Two residue tables are maintained. Each table starts with the empty subset, and whenever a new lower place value \(10^j\) is introduced, the chosen table updates all of its reachable residues by considering both possibilities: exclude \(10^j\) or include \(10^j\). For every residue class modulo \(n\), the table keeps only the smallest and largest actual subset sums that realize that residue.
For the current length \(t\) and leading digit \(f\), the implementation first tests the repeated-digit number \(fR_t\). If that does not work, it tries every valid second digit. For each admissible target residue \(w\), it joins the two tables by checking which residue \(x\) from the first table can be paired with residue \(w-x\) from the second. The stored extremal subset sums then reconstruct the smallest numeric candidate for that sign of \(g\).

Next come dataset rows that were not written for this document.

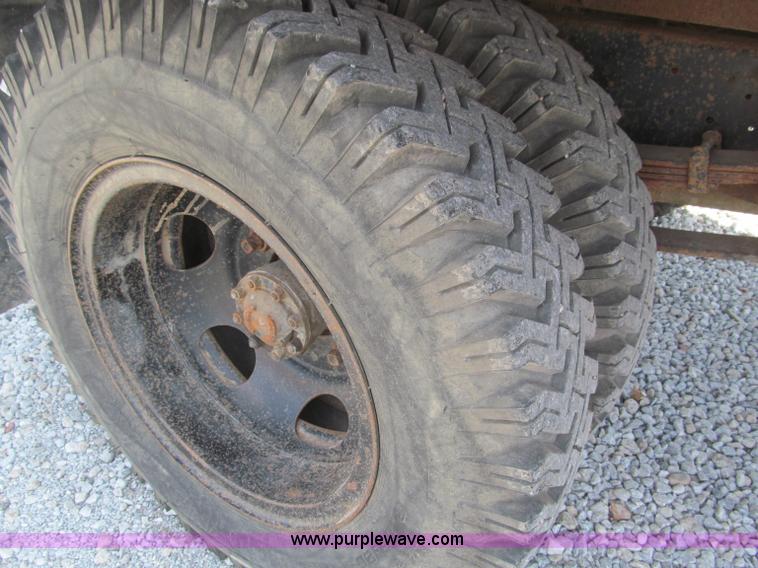 image for item B5137 1976 Ford F500 single axle dump truck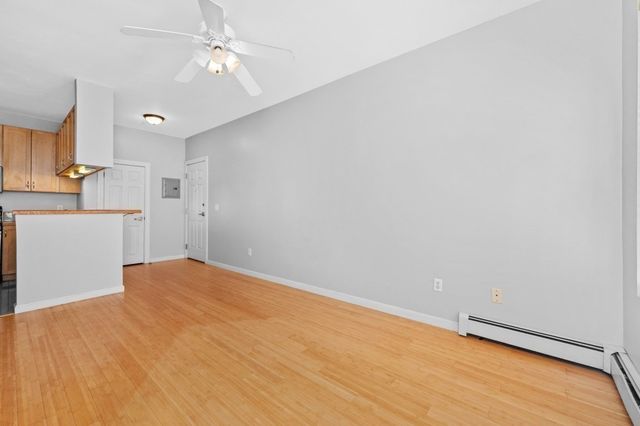 330 Summit Ave 305, Boston, MA 02135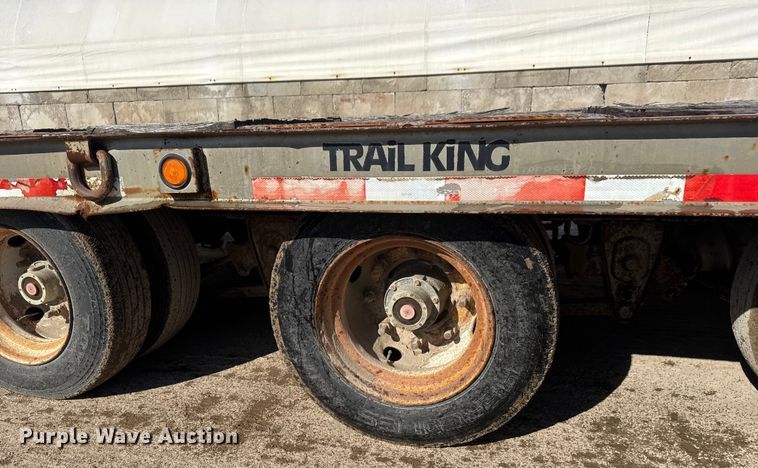 image for item ET1542 2005 Trail King TKT50 tilt deck equipment trailer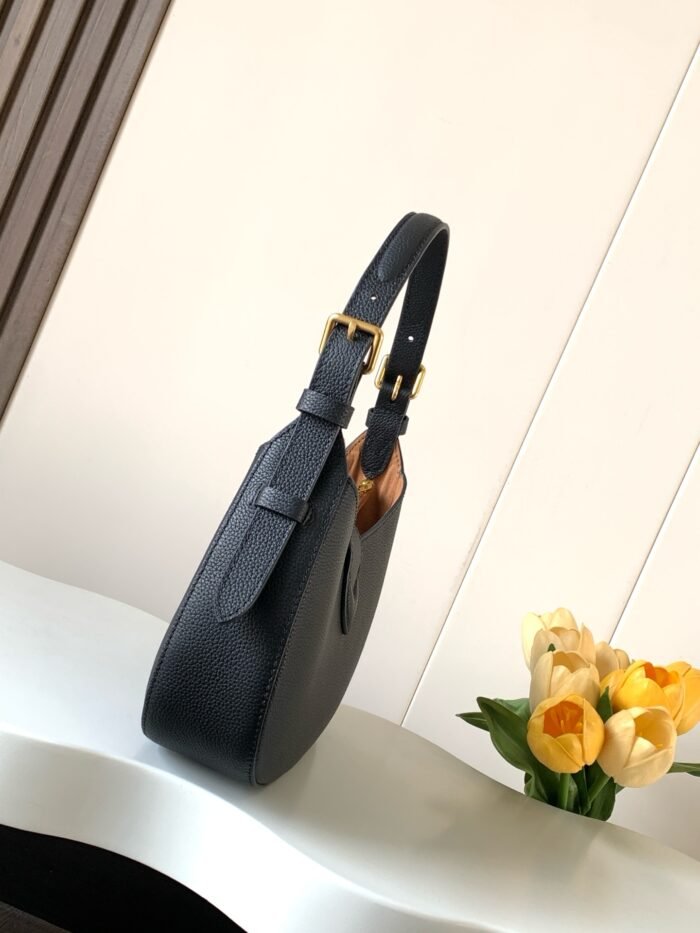 L24611V Low Key Shoulder Bag - 图片 10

After \(d(n)\) has been found, the C++ implementation adds it to the running total. For large \(k\), the range \(1,\ldots,k\) is split into chunks and processed in parallel by worker threads, then the partial sums are added exactly. The Python and Java implementations do not rederive the mathematics; they invoke the same compiled core and parse its printed result.
Complexity Analysis
For a fixed \(n\), each residue table has at most \(n\) residue classes. Adding one new power of ten to a table therefore costs \(O(n)\) time in the worst case, because every currently reachable residue may create one shifted state. The join step also works over residue classes rather than over all subsets.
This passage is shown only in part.